Without taking his eyes off Pam, Jim said quietly, “Andy? I think I’m going to take over from here. So you can go home, and—“

“I don’t mind staying,” Andy interrupted.

“Honestly, Andy, I think Pam needs to go see this guy, and tell him how she really feels. And I know where he lives now, so I’m thinking that…if she’s up for it, I’m going to take her to go see him.”

Pam’s heart, already racing, began thumping at double its previous speed. Jim’s unfaltering gaze was solemn but sure, steady. How she’d missed those eyes, that face.
“Okay, tuna. Good luck, Pam,” Andy said, as he grabbed his briefcase and walked out. Jim and Pam had broken eye contact to watch the door click shut behind him, but they simultaneously looked back at each other.

Pam swallowed as the tears in her eyes wavered on the edge, about to plunge down her cheek. Jim took three large, quick strides to the couch and sat down beside her. His own tears were dangerously close to spilling. He took her face in his hands.

“All this time?” he whispered, worry and impatience and pain and hurt all evident in his voice and on his face.
She nodded slowly, the tears making their way onto Jim’s fingertips.

“I only needed a week, Jim,” she said. Her voice was quiet, ragged. “I know it shouldn’t have taken that long. But once everything you’d said had really…set in, there was no turning back.

Pam took her hands from her face and held them tightly in her lap. She tried to speak, but her voice cracked and she had to cough to clear her throat.

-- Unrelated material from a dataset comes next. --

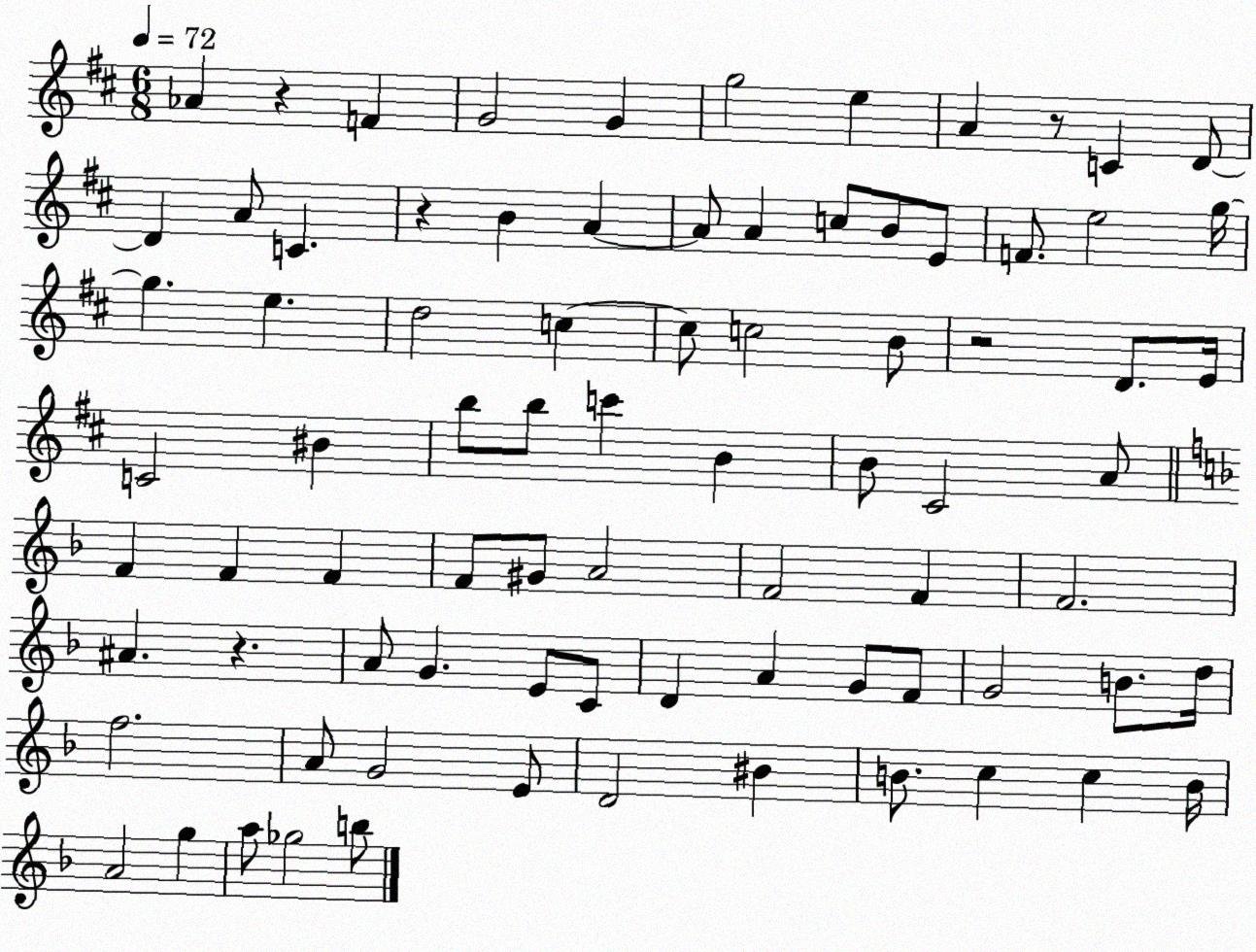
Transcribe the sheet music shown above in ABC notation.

Looking straight into his eyes, she whispered, “Jim, it was always you.”

He looked at her steadily, a thousand different emotions flooding his kind, gentle face.

“You never misinterpreted anything. I did. I thought we were just friends, but never really saw that all along we were so much more than that. Eventually, I realized it, too. You were just one step ahead of me,” Pam said, giving him a small, gentle smile.

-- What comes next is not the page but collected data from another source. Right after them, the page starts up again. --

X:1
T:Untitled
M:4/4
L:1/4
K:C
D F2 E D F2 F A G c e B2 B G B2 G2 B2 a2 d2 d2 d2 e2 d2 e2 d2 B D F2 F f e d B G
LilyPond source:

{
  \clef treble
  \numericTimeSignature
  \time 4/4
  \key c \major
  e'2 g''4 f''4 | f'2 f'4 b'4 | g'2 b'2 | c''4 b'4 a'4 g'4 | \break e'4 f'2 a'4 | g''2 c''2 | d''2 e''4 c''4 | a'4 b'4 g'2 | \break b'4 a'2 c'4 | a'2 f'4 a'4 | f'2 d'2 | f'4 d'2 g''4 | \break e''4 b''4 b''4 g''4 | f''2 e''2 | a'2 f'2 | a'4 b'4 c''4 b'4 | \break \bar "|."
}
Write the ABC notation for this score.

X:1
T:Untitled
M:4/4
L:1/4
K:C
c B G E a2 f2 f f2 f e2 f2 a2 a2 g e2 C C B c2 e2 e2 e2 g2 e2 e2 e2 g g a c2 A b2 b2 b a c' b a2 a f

He was looking at her with those same eyes, that same expression, as he had on Casino Night. Then, it had made her anxious, uncomfortable, and terrified. Now, it filled her with hope, joy, and an empowerment with the knowledge that she could and would return those feelings and live the life that she wanted, that she deserved.

“Listen,” Jim said. “I have to…take care of some things, but…” Jim trailed off, distracted somewhat by the intensity of the moment, the beauty and prowess of the confidence she radiated, and the promise of things to come.

“I know,” she said. “I’ll be waiting.”

He stared into her eyes again, trying to convey everything he wanted to in a brief, summarized version before he left. Then he took her face in his hands again and pressed a long, lingering kiss to her forehead. Slowly, he got up and walked to his desk for his coat and bag, and then to the door. He looked at her once more as he was about to close it behind him. Not smiling, not upset, but simply taking in everything that had just happened and committing it to memory. Pam’s voice broke him from his trance.

“Jim?” she said, tentatively. He met her eyes.

“I love you.”

He resisted the overwhelmingly powerful urge to drop his stuff, run back to the couch, and pull her into his arms. He told himself that the sooner he took care of his situation with Karen, the sooner that he and Pam could really be together.

“Don’t ever think that I stopped, Beesly,” he said tenderly. “I can’t.”

He smiled, tiredly but wholeheartedly, and gently closed the door behind him.